Lo sabes mejor que yo. Lo que, sin duda, ignoras es que ella se entusiasma por la religión como por cualquier otra cosa. Su cerebro se pone a volar como una hoja a merced del viento; y es mujer, o mejor dicho, muchacha, más que ninguna otra, propensa a la emoción y a la ira, lanzándose al galope por el amor y el odio, y no menos tornadiza; y bonita…, como ya sabes; e indeciblemente encantadora… como tú no podrás saber nunca.
Así pues, estábamos prometidos; yo la adoraba como la adoro todavía. Ella parecía quererme.
Una noche recibí un telegrama que me reclamaba en Colonia para una consulta, a la que seguiría probablemente una operación seria y complicada. Como tenía que salir al día siguiente, me fui corriendo a despedirme de Gilberte y a explicarle por qué no podría ir a comer el miércoles a casa de mis futuros suegros, sino que lo haría el viernes, fecha de mi vuelta. ¡Oh!, ¡ten cuidado con los viernes, pues te aseguro que son funestos!
Cuando le hablé de mi marcha, vi una lágrima en sus ojos; pero cuando le anuncié que no tardaría en volver, dio unas palmas y exclamó: «¡Qué felicidad! Me traerá usted algo; un detalle, un simple recuerdo, pero un recuerdo elegido expresamente para mí. Debe adivinar qué puede hacerme realmente ilusión, ¿entendido? Así veré si tiene imaginación».

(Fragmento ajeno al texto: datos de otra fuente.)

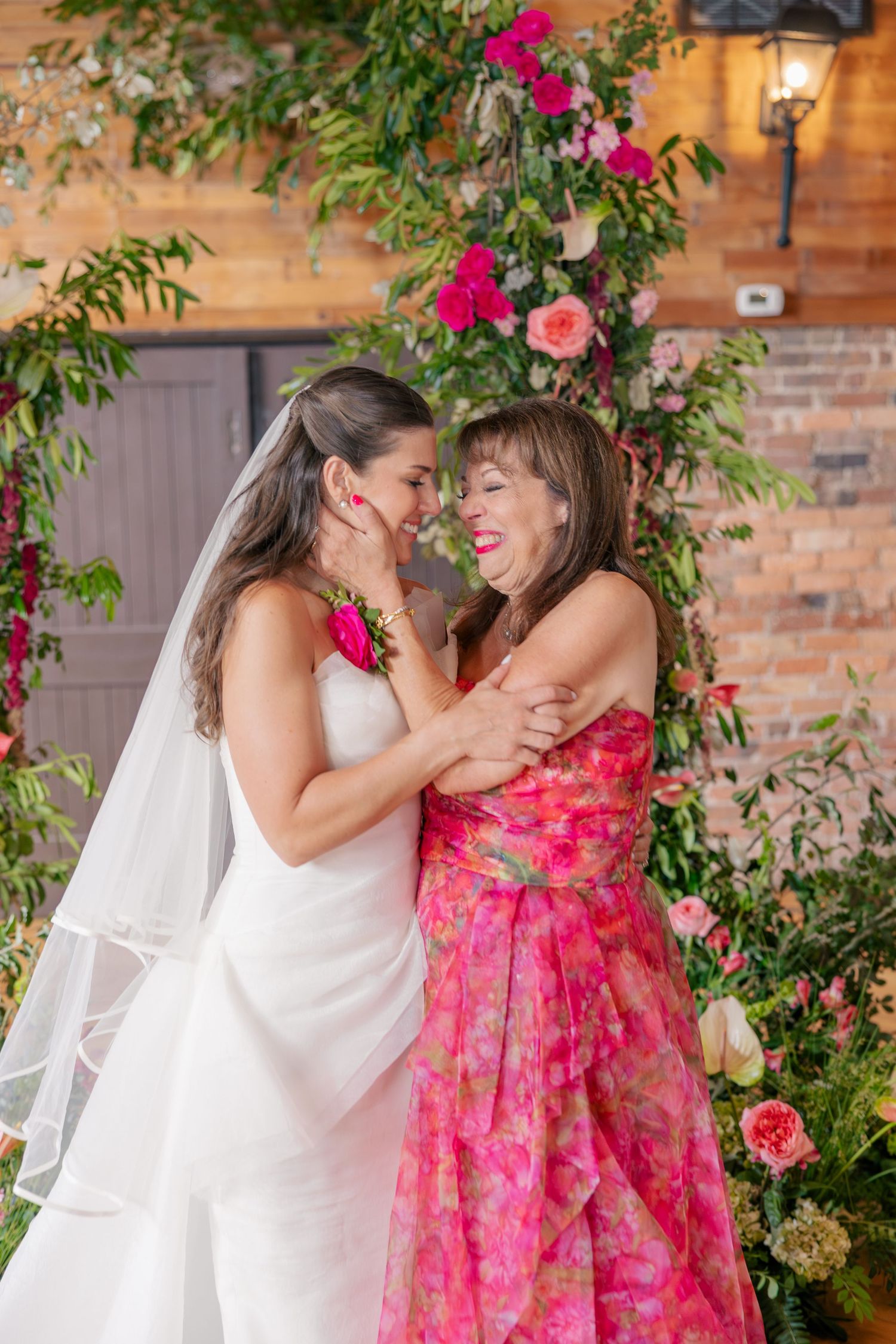Bride in white gown embracing smiling woman in pink floral dress before floral wedding arch backdrop.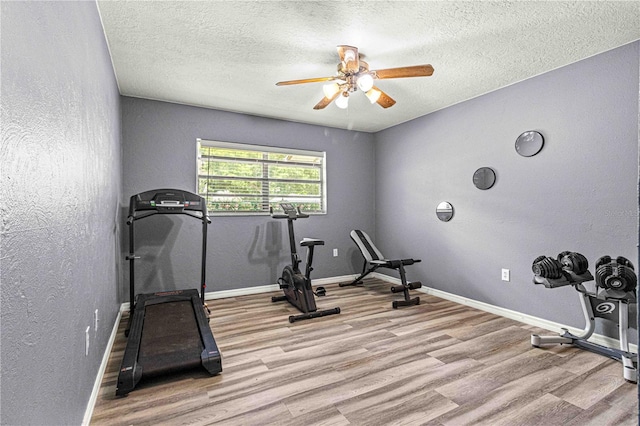 workout room with ceiling fan, a textured ceiling, and light hardwood / wood-style flooring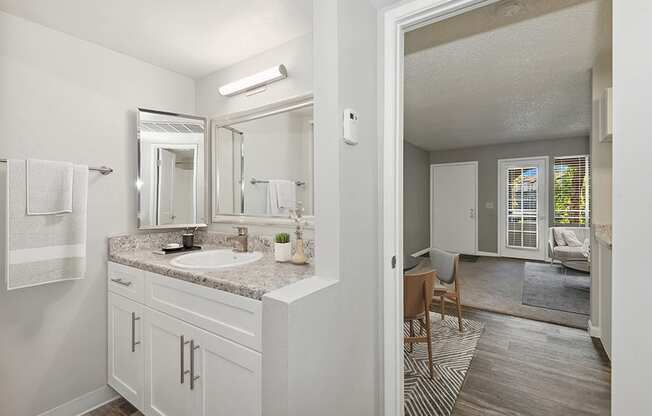 Model Bathroom with White Cabinets and Wood-Style Flooring at Stillwater Apartments in Glendale, AZ.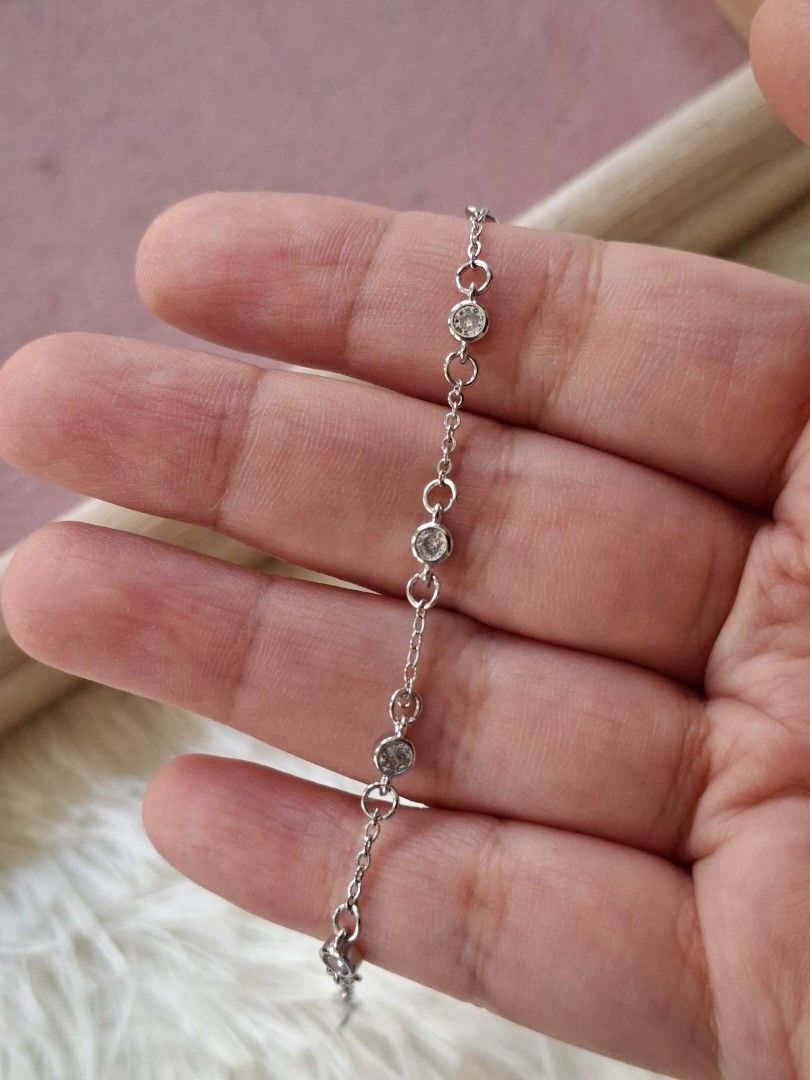 Simple Silver with White Crystals Adjustable Bracelet (Category: Bracelets) located in Dasmarinas. Submitted by danabrie22 (Listing ID 1464990978, Image 3). Description: very well-made, excellent crafstmanship 10/10 condition brand new stainless steel & crystal-colored cubic zirconia stones made in Hongkong.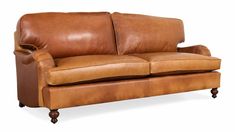 a brown leather couch sitting on top of a wooden frame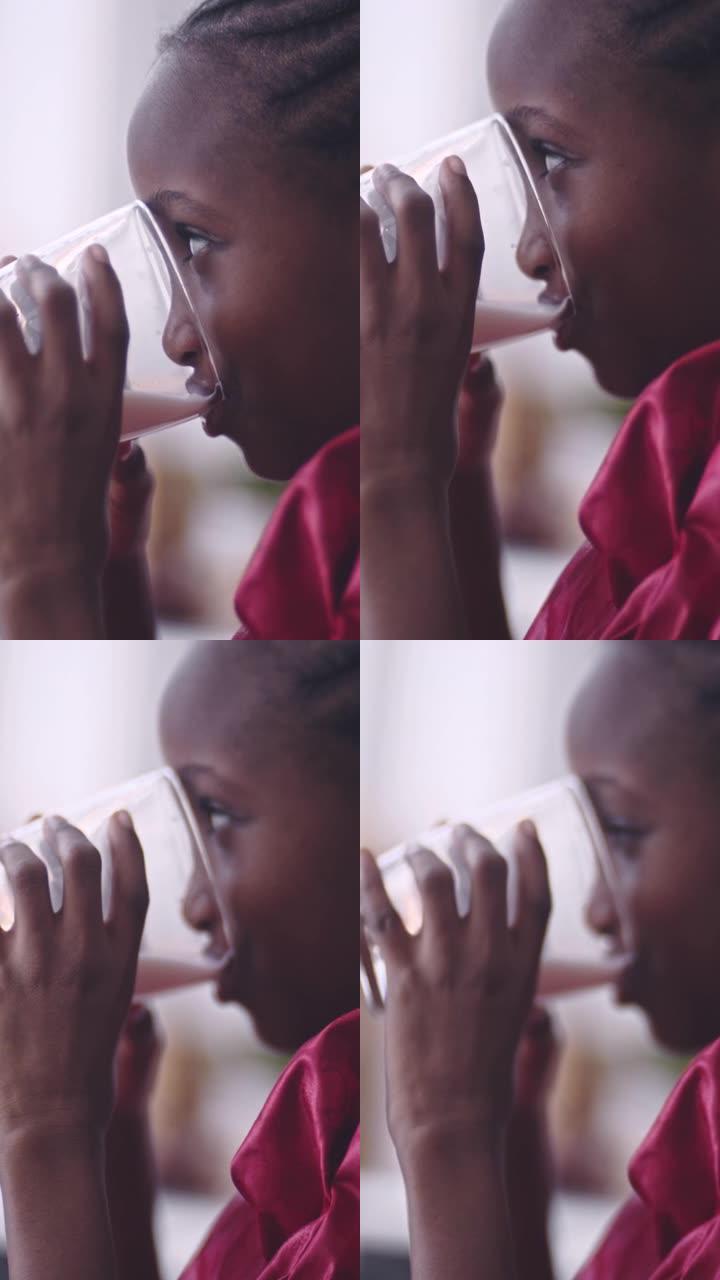 特写: 非洲女孩喝牛奶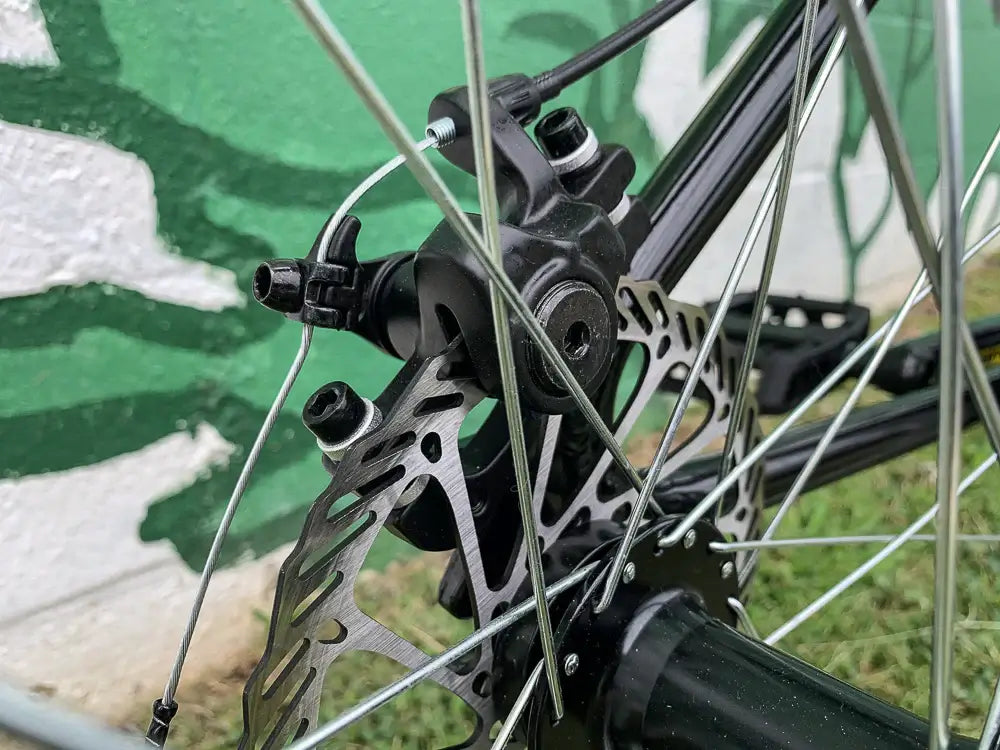 Close-up of Eastern Bike Big Reaper mechanical disc brake and hub, showcasing high-quality components for smooth rides.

Reflexionó unos segundos, luego añadió: «Le prohíbo que invierta en ello más de veinte francos. Quisiera verme impresionada por la intención, la inventiva, caballero, no por lo que pueda costar». Luego, tras un nuevo silencio, dijo a media voz, con los ojos gachos: «Si eso no le cuesta nada, en dinero, y si es algo ingenioso y delicado… yo…, yo le daré un beso».
Al día siguiente estaba en Colonia. Se trataba de un terrible accidente que tenía desesperada a toda una familia. Había que amputar de urgencia. Me dieron hospedaje, poco menos que me encerraron; operé a un moribundo que a punto estuvo de irse al otro mundo entre mis manos; me quedé dos noches a su lado; luego, cuando vi una posibilidad de salvación, pedí que me acompañaran a la estación.
Me había equivocado en cuanto a la hora de salida, así que disponía de una hora. Me puse a dar vueltas por las calles, mientras seguía pensando en el pobre enfermo, cuando me abordó un individuo.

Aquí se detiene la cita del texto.